Data extract:

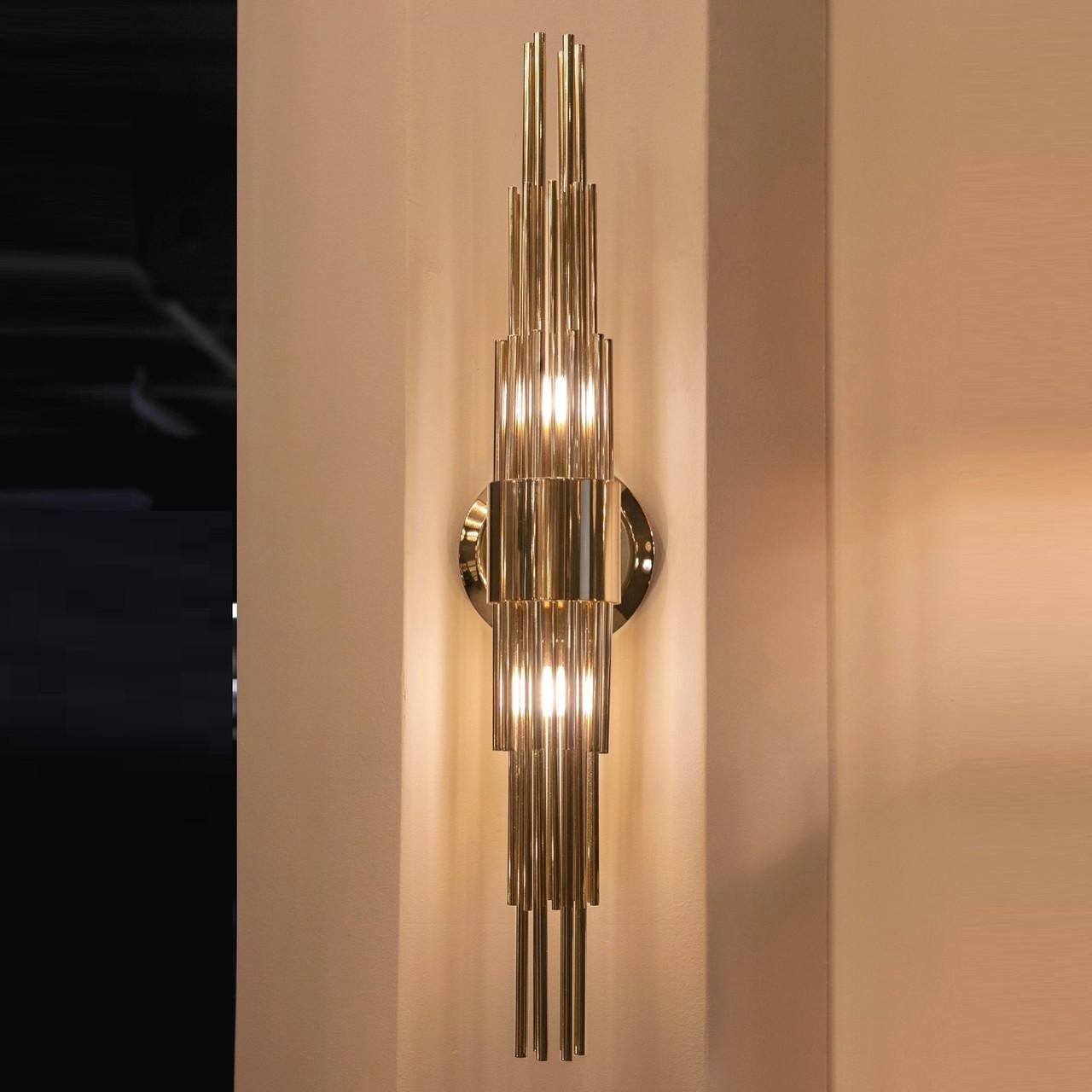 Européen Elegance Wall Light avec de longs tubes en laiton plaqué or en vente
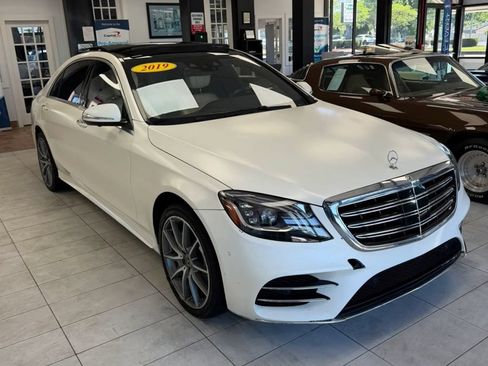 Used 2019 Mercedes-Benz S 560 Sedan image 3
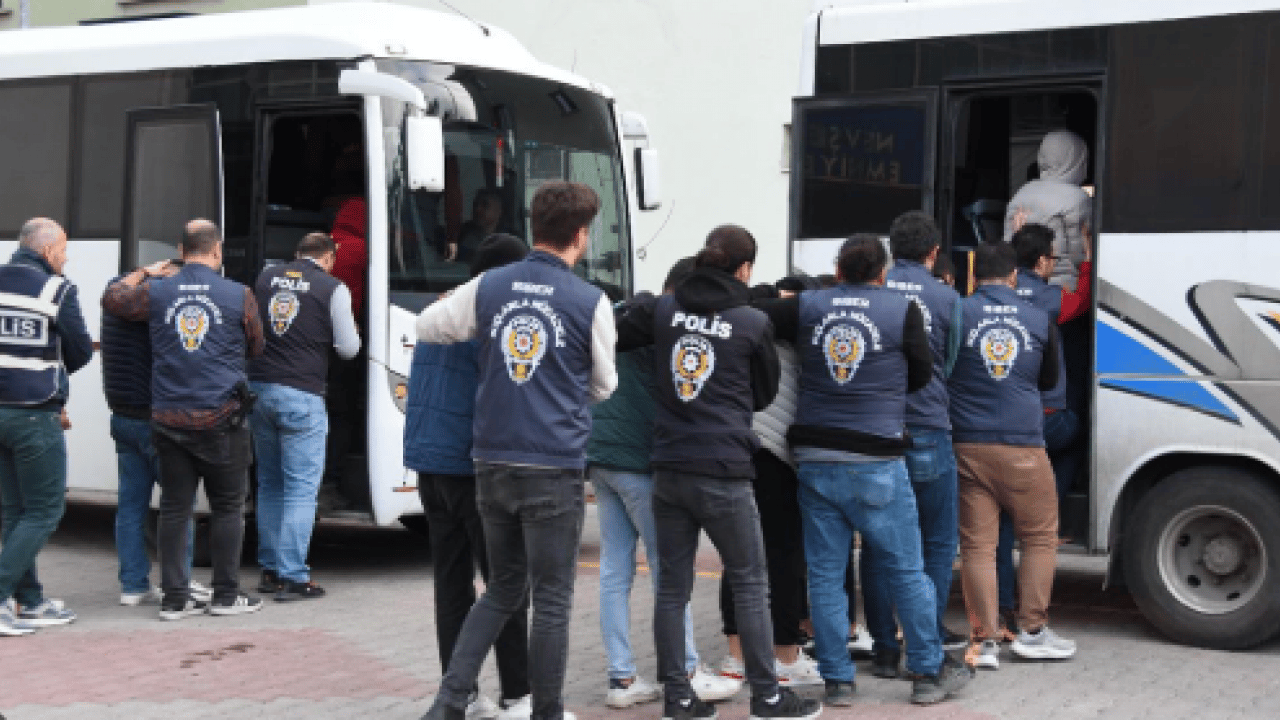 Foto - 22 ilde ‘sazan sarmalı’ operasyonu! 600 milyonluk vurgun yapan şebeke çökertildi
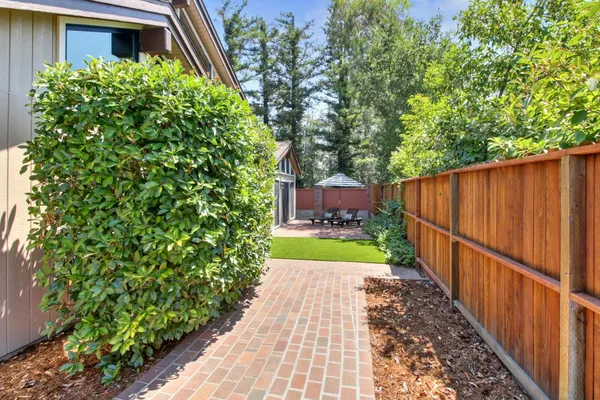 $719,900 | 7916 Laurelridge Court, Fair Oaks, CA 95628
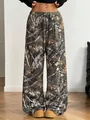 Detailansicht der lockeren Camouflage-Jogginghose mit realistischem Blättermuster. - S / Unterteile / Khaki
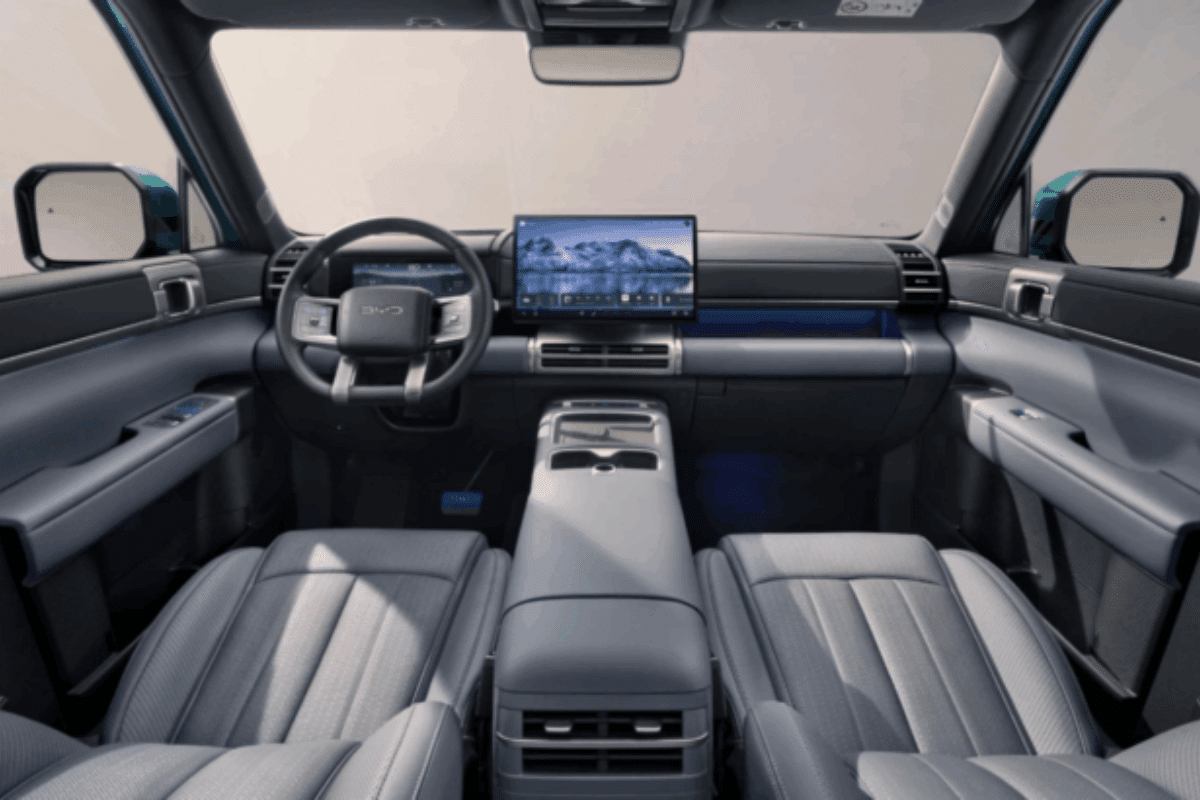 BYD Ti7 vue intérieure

---

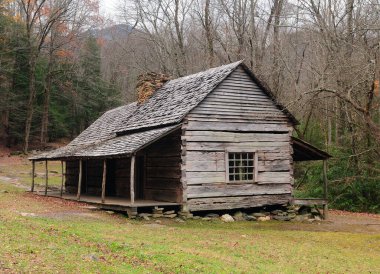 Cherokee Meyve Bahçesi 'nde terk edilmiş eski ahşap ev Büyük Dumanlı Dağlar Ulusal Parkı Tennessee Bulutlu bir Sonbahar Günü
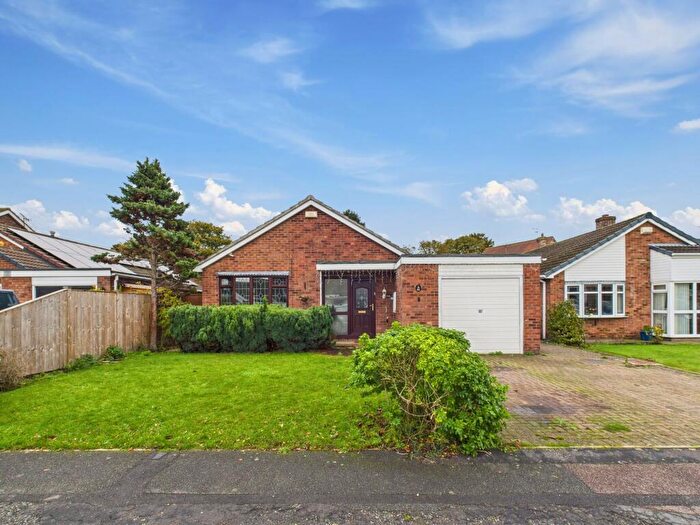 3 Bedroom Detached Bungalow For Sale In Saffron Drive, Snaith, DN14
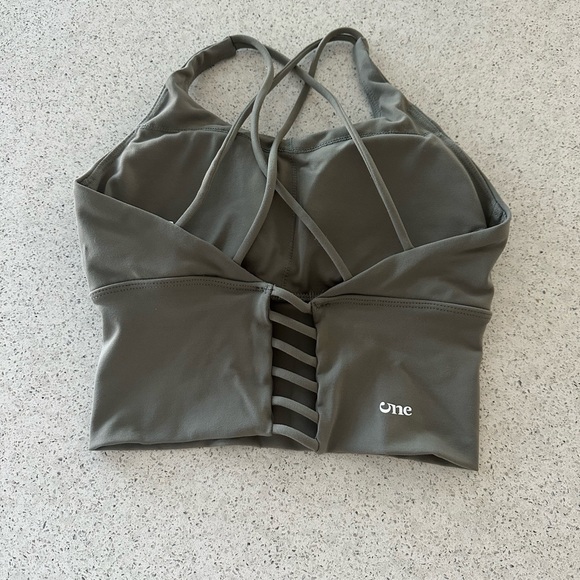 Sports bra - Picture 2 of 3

Exercise goal: Pictures excluded, transcribe the listing above exactly from the line with "Européen Elegance Wall" through the line with "Oaks, CA 95628", and no further.

Completed exercise:
 Européen Elegance Wall Light avec de longs tubes en laiton plaqué or en vente
 Used 2019 Mercedes-Benz S 560 Sedan image 3
 Foto - 22 ilde ‘sazan sarmalı’ operasyonu! 600 milyonluk vurgun yapan şebeke çökertildi
 $719,900 | 7916 Laurelridge Court, Fair Oaks, CA 95628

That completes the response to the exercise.